Vaxevanis published the so-called “Lagarde List” of wealthy Greeks with Swiss bank accounts in his weekly magazine Hot Doc in October 2012. The list is named after IMF head Christine Lagarde, who handed it over to her Greek counterpart in 2010 when she was French finance minister.
Successive Greek governments have failed to prosecute a single person on the list or any other high-profile individual for tax evasion. Vaxevanis argues that publication of the list was in the public interest. He told the Guardian: “The country is governed by a poisonous combination of politicians, businessmen and journalists who cover one another’s backs … Had it not been for the foreign media taking such an interest in my own story, it would have been buried.”
Dimitris Trimis, head of the Athens Newspaper Editors Union, told the BBC that the pressure on press freedom in Greece was the most intense of his career. Before Vaxevanis’ arrest two state TV presenters were taken off air after discussing a minister’s response to claims by anti-fascist demonstrators that they had been tortured by the police.

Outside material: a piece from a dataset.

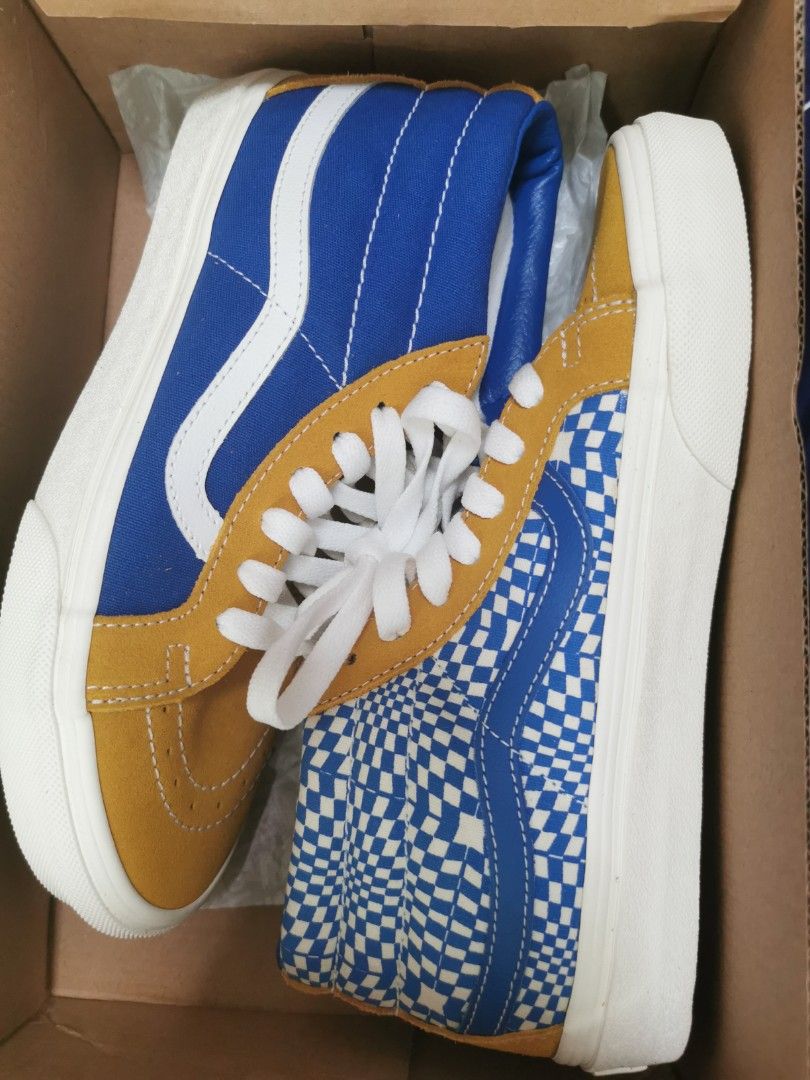 Vans Unisex Sk8 Mid Reissue Blue yellow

Soon after Vaxevanis’ arrest, journalist Spiros Karatzaferis was detained after announcing he would leak damaging documents about the country’s faltering economy. “The government feels insecure,” Trimis said. The only way it feels it can convince society of its policies is to try to manipulate the media through coercion.
Photo: Demotix / Kostas Pikoulas
Founded in Egypt in early 2011, the Mosireen Collective sought to support and promote the growing wave of citizen journalism that had emerged in the lead-up to the ousting of Hosni Mubarak, when members of the public captured the protests and police brutality on their mobile phones.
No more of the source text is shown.